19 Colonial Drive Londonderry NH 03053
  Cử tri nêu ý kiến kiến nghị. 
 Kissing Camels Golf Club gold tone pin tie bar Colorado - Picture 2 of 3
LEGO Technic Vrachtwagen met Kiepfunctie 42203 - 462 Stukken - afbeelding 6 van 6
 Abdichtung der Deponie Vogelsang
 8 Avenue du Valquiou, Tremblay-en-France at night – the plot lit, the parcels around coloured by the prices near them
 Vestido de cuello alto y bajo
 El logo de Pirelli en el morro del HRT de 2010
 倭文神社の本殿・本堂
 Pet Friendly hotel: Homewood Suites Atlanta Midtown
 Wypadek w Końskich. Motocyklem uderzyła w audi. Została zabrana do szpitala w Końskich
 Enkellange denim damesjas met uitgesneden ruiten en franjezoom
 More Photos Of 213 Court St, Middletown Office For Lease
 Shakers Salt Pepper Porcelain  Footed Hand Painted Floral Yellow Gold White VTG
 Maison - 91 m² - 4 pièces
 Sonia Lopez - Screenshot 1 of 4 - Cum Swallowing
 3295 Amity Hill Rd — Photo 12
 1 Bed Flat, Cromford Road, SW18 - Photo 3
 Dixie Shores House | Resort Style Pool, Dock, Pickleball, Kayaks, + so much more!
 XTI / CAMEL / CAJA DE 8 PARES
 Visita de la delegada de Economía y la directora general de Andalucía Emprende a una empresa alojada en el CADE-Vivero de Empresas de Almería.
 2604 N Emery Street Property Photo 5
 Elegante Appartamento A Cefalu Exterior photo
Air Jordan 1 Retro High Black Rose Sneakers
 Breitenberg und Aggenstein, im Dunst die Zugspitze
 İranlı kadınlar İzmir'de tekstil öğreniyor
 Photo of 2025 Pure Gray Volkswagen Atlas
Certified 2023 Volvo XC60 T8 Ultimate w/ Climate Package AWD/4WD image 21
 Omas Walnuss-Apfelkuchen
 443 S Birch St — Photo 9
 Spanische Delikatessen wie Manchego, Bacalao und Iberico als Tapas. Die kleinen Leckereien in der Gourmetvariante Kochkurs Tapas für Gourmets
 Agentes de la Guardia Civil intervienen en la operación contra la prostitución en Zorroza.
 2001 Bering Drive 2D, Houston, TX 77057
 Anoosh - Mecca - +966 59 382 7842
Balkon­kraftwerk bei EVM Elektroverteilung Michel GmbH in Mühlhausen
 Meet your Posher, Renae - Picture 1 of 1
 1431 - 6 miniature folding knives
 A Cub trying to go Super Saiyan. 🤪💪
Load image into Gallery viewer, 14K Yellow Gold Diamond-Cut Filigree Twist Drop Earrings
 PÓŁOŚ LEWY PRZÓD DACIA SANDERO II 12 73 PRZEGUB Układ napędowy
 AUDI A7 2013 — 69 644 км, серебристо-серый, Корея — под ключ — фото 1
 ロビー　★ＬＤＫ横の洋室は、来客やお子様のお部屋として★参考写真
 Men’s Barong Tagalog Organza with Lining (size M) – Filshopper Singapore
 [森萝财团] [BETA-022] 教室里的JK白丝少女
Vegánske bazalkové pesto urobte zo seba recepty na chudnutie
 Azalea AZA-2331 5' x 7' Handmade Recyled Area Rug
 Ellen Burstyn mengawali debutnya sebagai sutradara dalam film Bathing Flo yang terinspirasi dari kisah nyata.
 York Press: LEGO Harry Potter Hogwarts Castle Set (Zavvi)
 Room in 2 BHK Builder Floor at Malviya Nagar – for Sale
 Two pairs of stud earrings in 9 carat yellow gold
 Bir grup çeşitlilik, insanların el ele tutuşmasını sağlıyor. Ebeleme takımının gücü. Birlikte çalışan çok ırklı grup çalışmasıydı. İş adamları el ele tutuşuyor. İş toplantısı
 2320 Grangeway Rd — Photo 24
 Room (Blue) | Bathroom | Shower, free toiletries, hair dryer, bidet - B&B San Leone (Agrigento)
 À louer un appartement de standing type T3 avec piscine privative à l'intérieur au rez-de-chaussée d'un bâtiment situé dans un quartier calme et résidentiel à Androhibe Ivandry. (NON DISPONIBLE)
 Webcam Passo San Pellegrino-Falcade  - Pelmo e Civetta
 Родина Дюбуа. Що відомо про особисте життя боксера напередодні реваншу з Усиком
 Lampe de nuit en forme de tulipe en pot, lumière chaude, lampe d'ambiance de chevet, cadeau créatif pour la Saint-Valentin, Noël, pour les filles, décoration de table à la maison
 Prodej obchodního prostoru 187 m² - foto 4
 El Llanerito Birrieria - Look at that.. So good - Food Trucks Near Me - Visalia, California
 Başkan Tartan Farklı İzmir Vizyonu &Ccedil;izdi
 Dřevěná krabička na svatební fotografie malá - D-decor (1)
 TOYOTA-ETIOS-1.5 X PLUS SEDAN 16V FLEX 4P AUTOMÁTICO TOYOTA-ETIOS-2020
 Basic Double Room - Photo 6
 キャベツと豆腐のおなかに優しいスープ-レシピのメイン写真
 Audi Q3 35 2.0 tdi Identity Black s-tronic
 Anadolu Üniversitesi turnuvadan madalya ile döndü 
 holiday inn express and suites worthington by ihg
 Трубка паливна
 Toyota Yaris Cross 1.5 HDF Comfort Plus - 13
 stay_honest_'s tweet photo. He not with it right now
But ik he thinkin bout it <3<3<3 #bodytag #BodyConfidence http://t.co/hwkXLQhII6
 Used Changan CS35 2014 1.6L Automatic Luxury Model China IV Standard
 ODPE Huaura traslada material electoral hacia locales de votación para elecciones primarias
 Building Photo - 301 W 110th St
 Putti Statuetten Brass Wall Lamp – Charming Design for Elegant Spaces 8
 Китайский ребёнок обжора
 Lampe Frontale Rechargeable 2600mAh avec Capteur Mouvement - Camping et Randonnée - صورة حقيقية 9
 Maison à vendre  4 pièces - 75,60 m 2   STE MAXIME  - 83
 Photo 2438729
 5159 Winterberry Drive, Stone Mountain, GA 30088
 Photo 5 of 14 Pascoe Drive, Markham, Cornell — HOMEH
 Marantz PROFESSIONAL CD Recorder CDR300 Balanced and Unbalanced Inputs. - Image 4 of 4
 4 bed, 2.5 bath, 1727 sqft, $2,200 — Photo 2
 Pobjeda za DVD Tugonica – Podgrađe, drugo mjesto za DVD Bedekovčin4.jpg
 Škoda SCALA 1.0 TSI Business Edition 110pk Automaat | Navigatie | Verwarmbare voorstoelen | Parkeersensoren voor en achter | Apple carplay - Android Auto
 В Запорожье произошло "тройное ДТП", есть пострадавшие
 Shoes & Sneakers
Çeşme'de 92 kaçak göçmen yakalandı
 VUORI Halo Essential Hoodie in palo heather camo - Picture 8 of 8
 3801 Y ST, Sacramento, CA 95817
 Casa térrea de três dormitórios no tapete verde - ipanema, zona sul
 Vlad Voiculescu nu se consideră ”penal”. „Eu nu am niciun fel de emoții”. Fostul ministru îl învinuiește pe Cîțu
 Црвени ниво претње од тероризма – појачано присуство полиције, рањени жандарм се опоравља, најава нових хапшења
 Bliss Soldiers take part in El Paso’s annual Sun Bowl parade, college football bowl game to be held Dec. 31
********
== Task objective ==
From the records above, reproduce exactly the lines from the one with "Maison - 91 m² - 4 pièces" to the one with "[森萝财团] [BETA-022] 教室里的JK白丝少女", both included, and no others.

== Answer area ==
 Maison - 91 m² - 4 pièces
 Sonia Lopez - Screenshot 1 of 4 - Cum Swallowing
 3295 Amity Hill Rd — Photo 12
 1 Bed Flat, Cromford Road, SW18 - Photo 3
 Dixie Shores House | Resort Style Pool, Dock, Pickleball, Kayaks, + so much more!
 XTI / CAMEL / CAJA DE 8 PARES
 Visita de la delegada de Economía y la directora general de Andalucía Emprende a una empresa alojada en el CADE-Vivero de Empresas de Almería.
 2604 N Emery Street Property Photo 5
 Elegante Appartamento A Cefalu Exterior photo
Air Jordan 1 Retro High Black Rose Sneakers
 Breitenberg und Aggenstein, im Dunst die Zugspitze
 İranlı kadınlar İzmir'de tekstil öğreniyor
 Photo of 2025 Pure Gray Volkswagen Atlas
Certified 2023 Volvo XC60 T8 Ultimate w/ Climate Package AWD/4WD image 21
 Omas Walnuss-Apfelkuchen
 443 S Birch St — Photo 9
 Spanische Delikatessen wie Manchego, Bacalao und Iberico als Tapas. Die kleinen Leckereien in der Gourmetvariante Kochkurs Tapas für Gourmets
 Agentes de la Guardia Civil intervienen en la operación contra la prostitución en Zorroza.
 2001 Bering Drive 2D, Houston, TX 77057
 Anoosh - Mecca - +966 59 382 7842
Balkon­kraftwerk bei EVM Elektroverteilung Michel GmbH in Mühlhausen
 Meet your Posher, Renae - Picture 1 of 1
 1431 - 6 miniature folding knives
 A Cub trying to go Super Saiyan. 🤪💪
Load image into Gallery viewer, 14K Yellow Gold Diamond-Cut Filigree Twist Drop Earrings
 PÓŁOŚ LEWY PRZÓD DACIA SANDERO II 12 73 PRZEGUB Układ napędowy
 AUDI A7 2013 — 69 644 км, серебристо-серый, Корея — под ключ — фото 1
 ロビー　★ＬＤＫ横の洋室は、来客やお子様のお部屋として★参考写真
 Men’s Barong Tagalog Organza with Lining (size M) – Filshopper Singapore
 [森萝财团] [BETA-022] 教室里的JK白丝少女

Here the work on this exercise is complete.